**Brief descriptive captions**
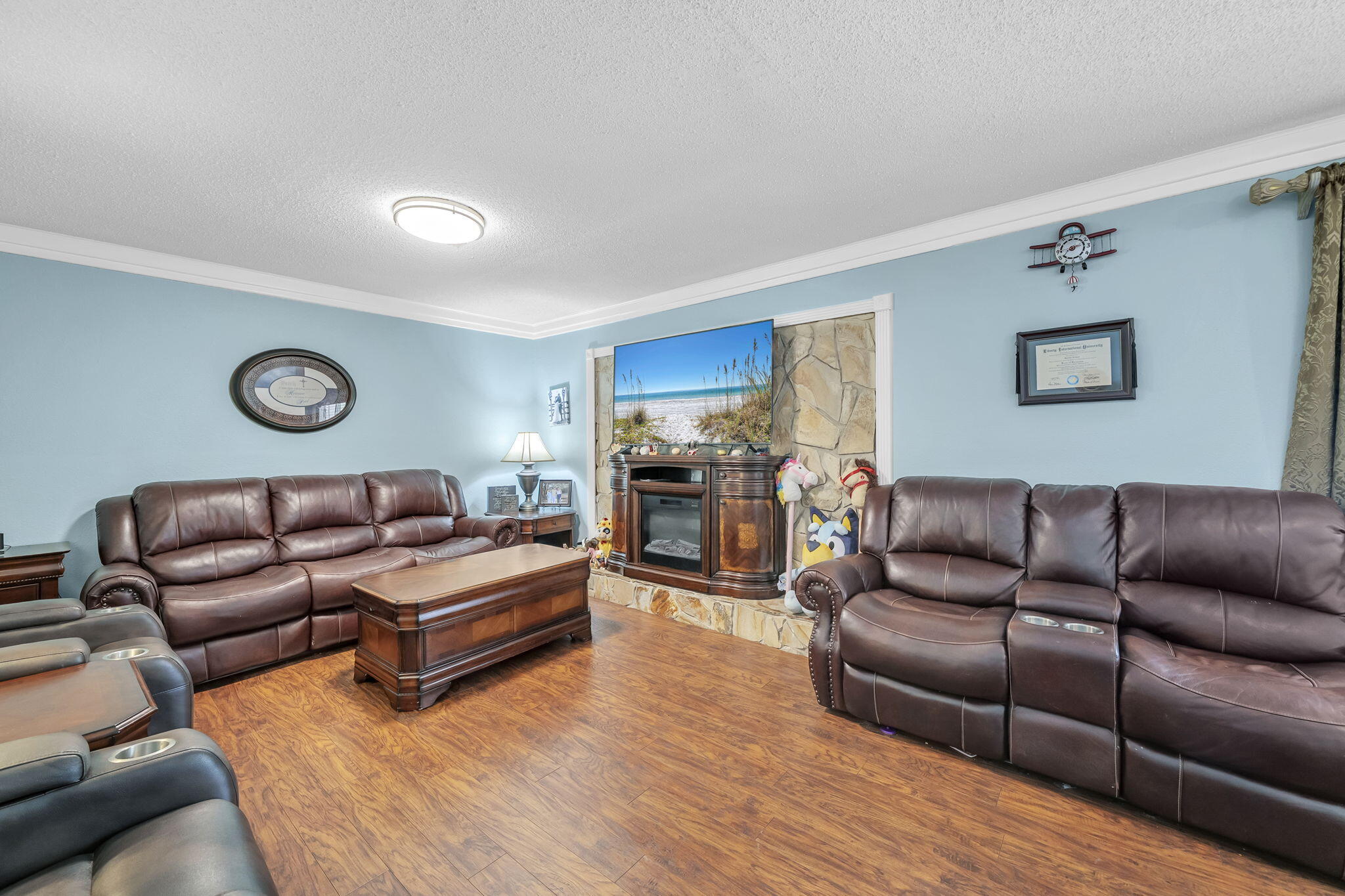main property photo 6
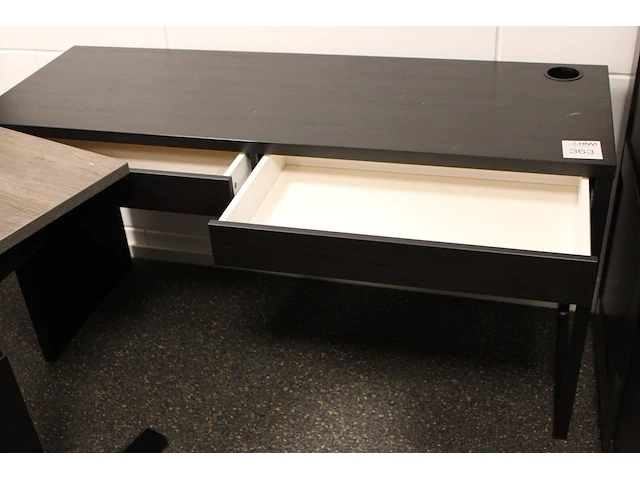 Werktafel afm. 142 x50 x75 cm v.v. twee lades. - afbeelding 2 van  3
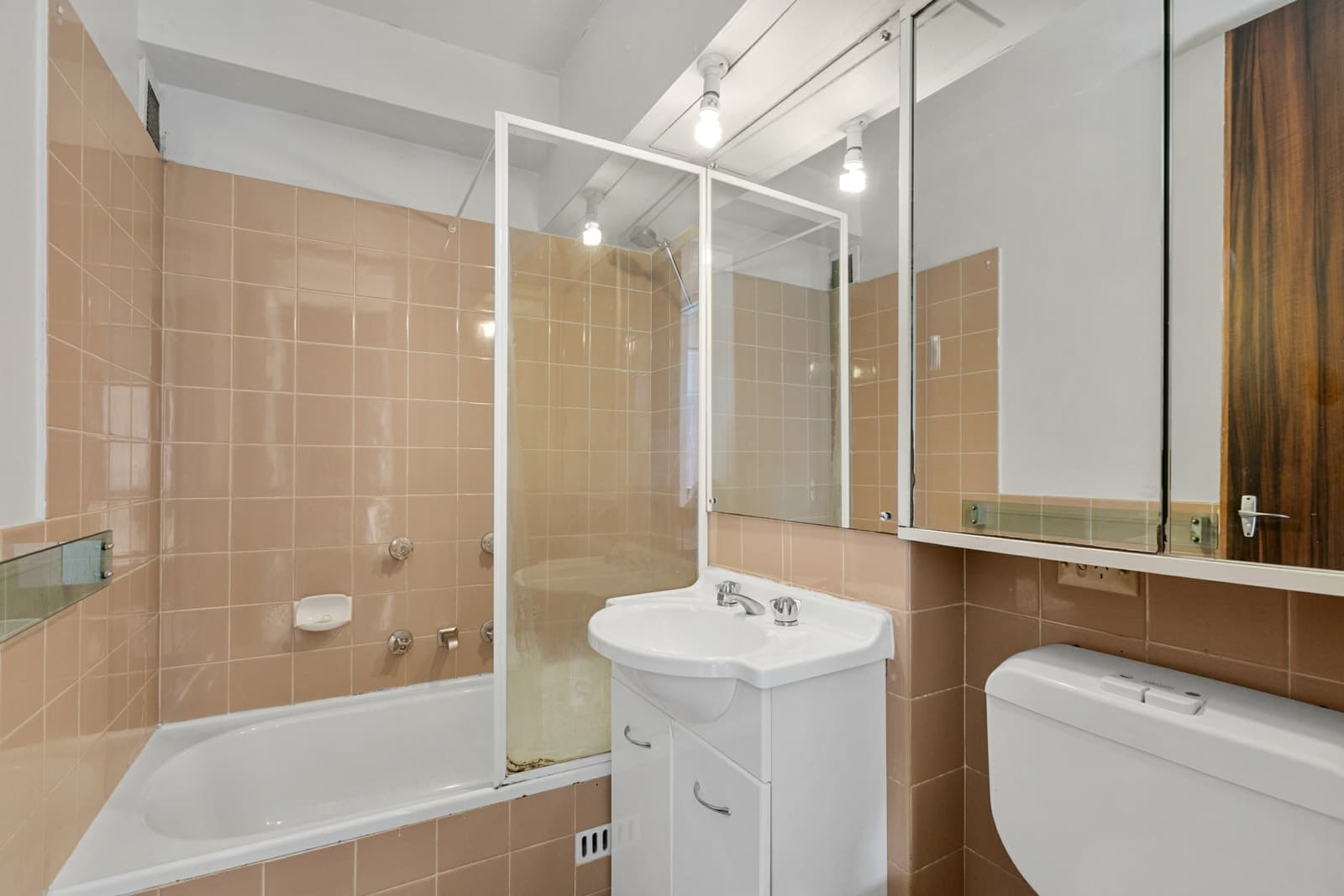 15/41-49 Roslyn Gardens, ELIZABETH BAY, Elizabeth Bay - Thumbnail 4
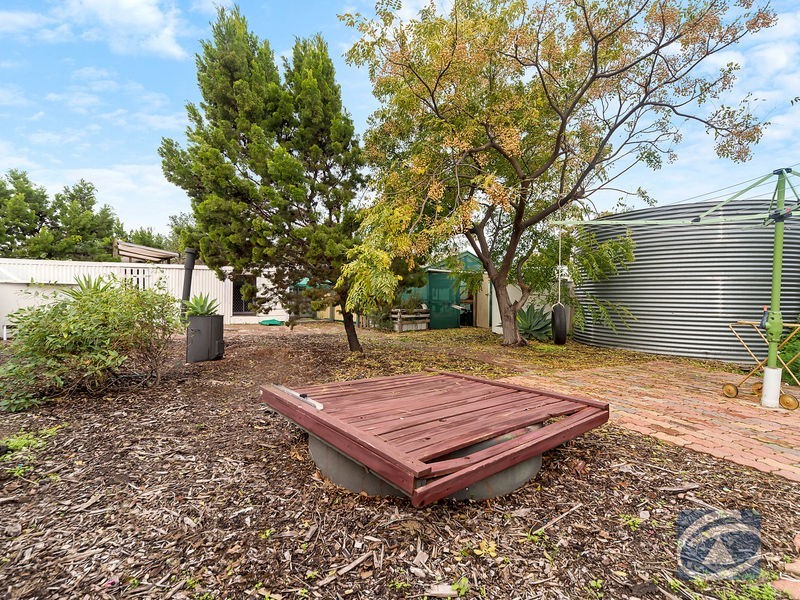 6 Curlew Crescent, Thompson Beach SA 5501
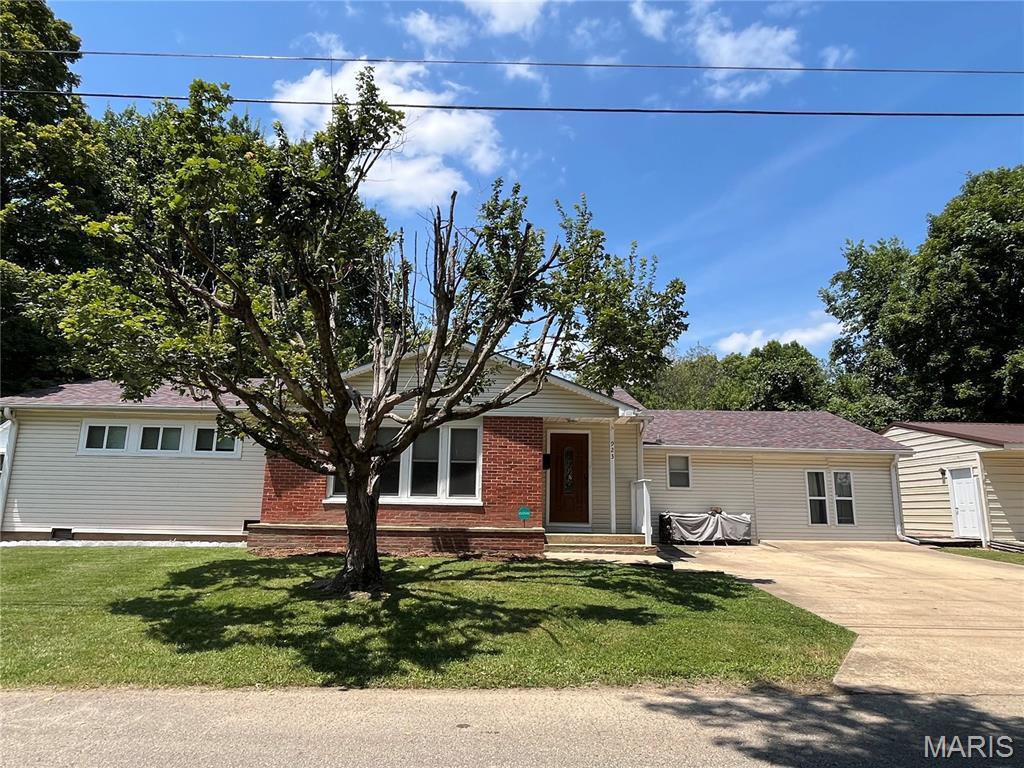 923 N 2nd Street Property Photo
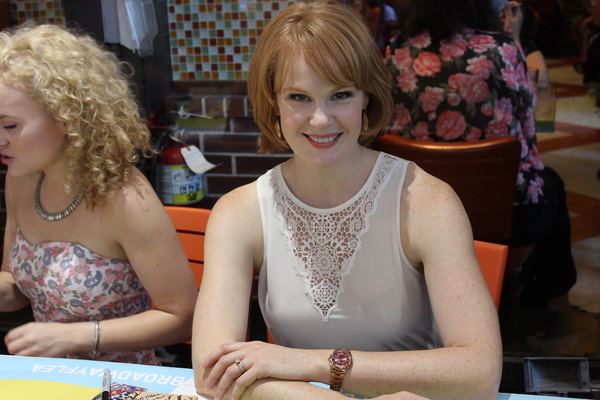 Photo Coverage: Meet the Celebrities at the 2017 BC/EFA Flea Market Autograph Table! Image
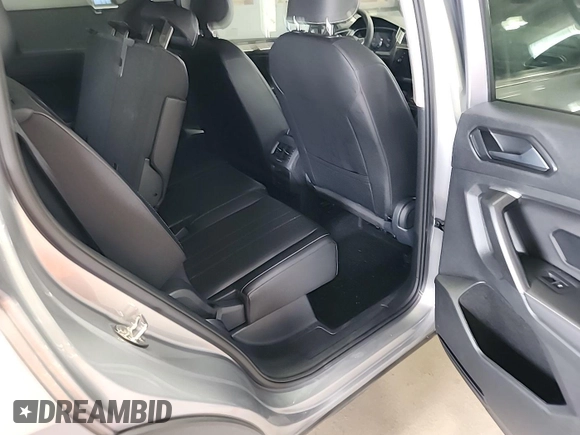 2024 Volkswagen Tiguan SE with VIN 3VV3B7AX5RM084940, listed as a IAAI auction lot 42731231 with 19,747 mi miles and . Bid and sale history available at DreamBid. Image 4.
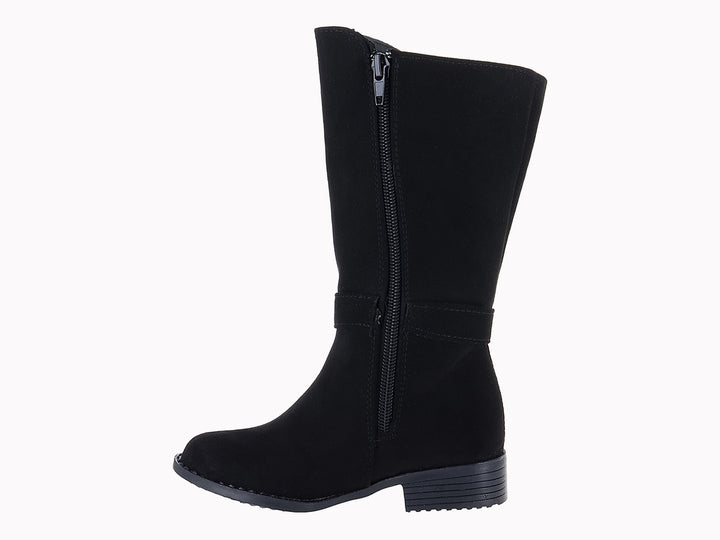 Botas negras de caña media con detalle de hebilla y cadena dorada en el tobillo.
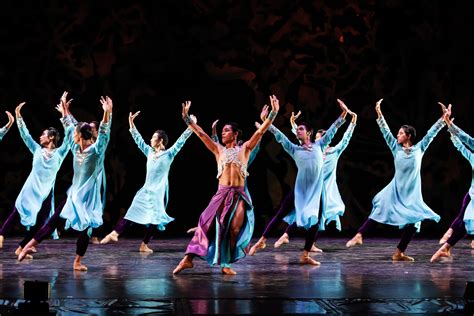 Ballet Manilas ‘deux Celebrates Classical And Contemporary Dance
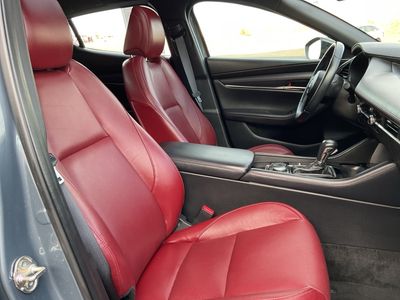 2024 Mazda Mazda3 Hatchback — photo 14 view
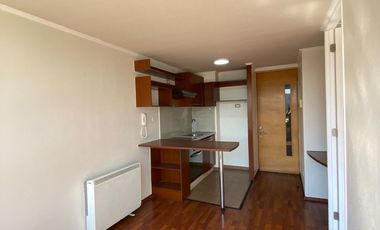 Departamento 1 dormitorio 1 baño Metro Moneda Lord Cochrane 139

**Exercise objective**
The output is the data above, repeated exactly, with pictures omitted.

**Output of the exercise**
main property photo 6
 Werktafel afm. 142 x50 x75 cm v.v. twee lades. - afbeelding 2 van  3
 15/41-49 Roslyn Gardens, ELIZABETH BAY, Elizabeth Bay - Thumbnail 4
 6 Curlew Crescent, Thompson Beach SA 5501
 923 N 2nd Street Property Photo
 Photo Coverage: Meet the Celebrities at the 2017 BC/EFA Flea Market Autograph Table! Image
 2024 Volkswagen Tiguan SE with VIN 3VV3B7AX5RM084940, listed as a IAAI auction lot 42731231 with 19,747 mi miles and . Bid and sale history available at DreamBid. Image 4.
 Botas negras de caña media con detalle de hebilla y cadena dorada en el tobillo.
 Ballet Manilas ‘deux Celebrates Classical And Contemporary Dance
 2024 Mazda Mazda3 Hatchback — photo 14 view
 Departamento 1 dormitorio 1 baño Metro Moneda Lord Cochrane 139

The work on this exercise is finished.